In “King Kong and the Monster in Ethnographic Cinema,” Rony discusses the portrayal of native or “exotic” people, specifically relating ethnography and cinema in the context of King Kong (1933). Rony writes that the “Ethnographic is seen as monstrous because he or she is human and yet radically different.” When describing the savage depiction of the Skull Islanders in King Kong, Rony writes, “[they] are dark-skinned, fierce, lustful, and yet childlike, afraid of guns…[and they] are represented as the most Savage of men.”
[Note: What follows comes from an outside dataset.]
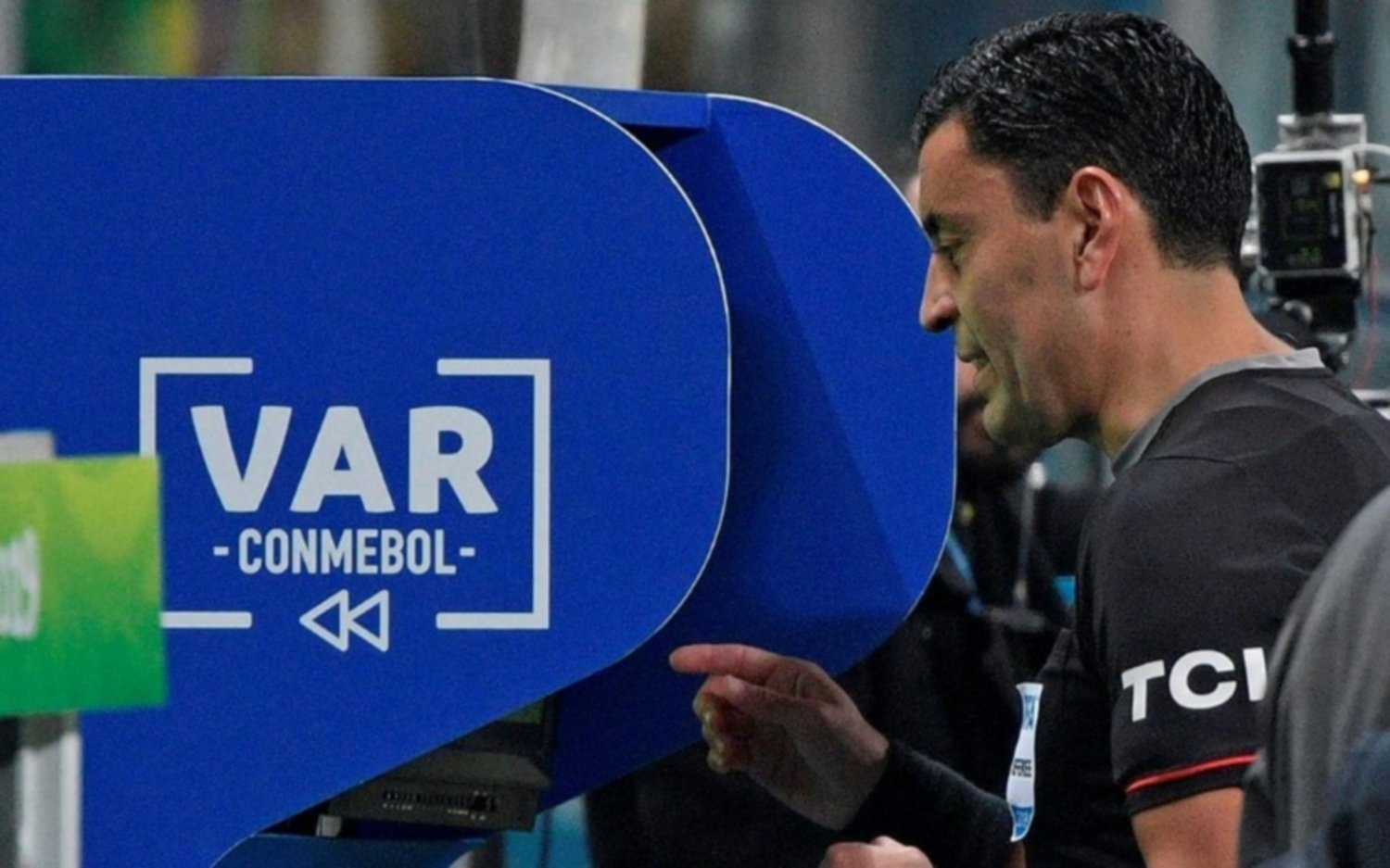 El VAR con cambios importantes desde 2023 en la Libertadores y Sudamericana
Like King Kong, Stephen Spielberg’s Indiana Jones and the Temple of Doom (1984) , as mentioned in Chapter 15 of Understanding Film Theory, portrays foreign culture as primitive, unsophisticated, and savage. The most glaring example comes when Indiana Jones, Willie, and Shorty arrive in an Indian village by an emergency raft. The Indian villagers wear robes, sandals, and live in huts. The villagers put there hands all over the three characters as if they are of a higher existence. Indiana explains that the food they are given is “more food than these people eat in a week.” They also hold the belief that Siva sent them there and believe in a magic stone. Although the villagers are seen as primitive people, the Thuggees in the Temple are seen as violent savages. At dinner, these people eat: leaches from the belly of a snake, beetles, eyeballs in soup, and monkey brains. Later in the sacrifice scene, their worship of Khali is perceived as tribal, violent, and demonistic through the ripping of a man’s beating heart out, the drinking of blood, and the misty, red lighting achieved from the lava fire.
The representation of Indians in the film are reminiscent of the natives from King Kong and other stereotypical ethnographic films, problematically contrasting foreign people from Westerners as being violent, primitive, and barbaric.